Boosted by a strong employment reading, the Institute for Supply Management's monthly manufacturing index pointed to steady expansion at the end of the first quarter, reports AFP.The closely-watched index rose just over a point to 55.3, overshooting economists' expectations but remaining below the 12-month average. Any reading above 50 indicates growth.
Timothy Fiore, chair of ISM's manufacturing survey, said the result was an encouraging sign after weakening in recent months amid the US-China trade war. The survey showed gains in new orders, production and employment while deliveries and inventories fell. But export activity hit its lowest level since October 2016, falling 1.1 percent from February to just 51.7 percent.
"I think we're continuing in a steady state," Fiore told reporters. "I would like to see the new export order come up. We're down to recent historic lows and that's just not a long-term good thing."
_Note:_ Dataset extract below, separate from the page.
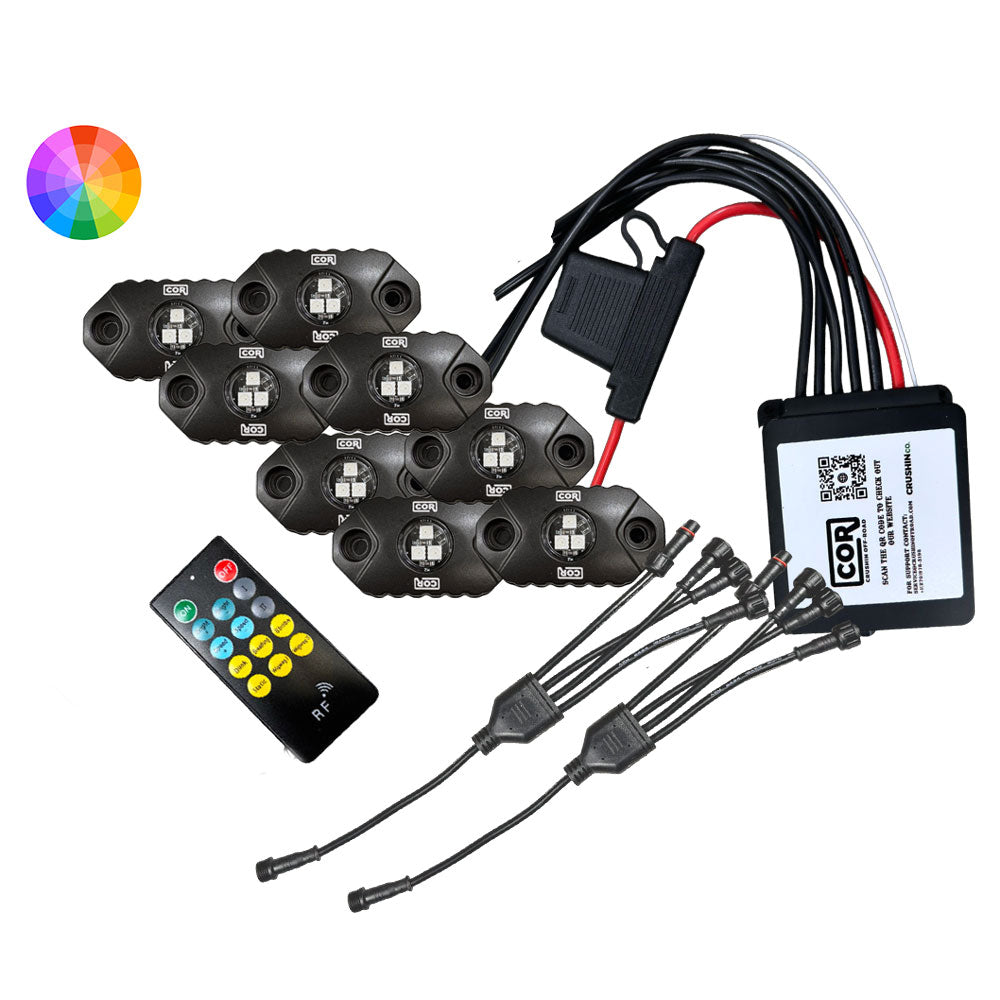 8 Piece, Mini-X Series Rock Light Kit, RGB, IP69K, Bluetooth Controller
"I think the US is in good shape, especially if we can resolve the trade issues," he said.
He noted energy costs remained competitive while the Federal Reserve had confirmed it would hold off raising interest rates in the near-term and Chinese manufacturing showed some signs of recovery.
Sixteen of 18 manufacturing sectors recorded growth for the month while the apparel and paper products sectors shrank.Respondents said labor remained in short supply, with unemployment at low levels. US and Chinese officials say they are in the home stretch of negotiations to resolve their trade war, which has hit the manufacturing sectors on both sides, but have not guaranteed a successful outcome. Economists have said the US manufacturing sector could even fall into recession as a result of the trade war but Jim O'Sullivan of High Frequency Economics said Monday the current figures pointed to a less severe decline.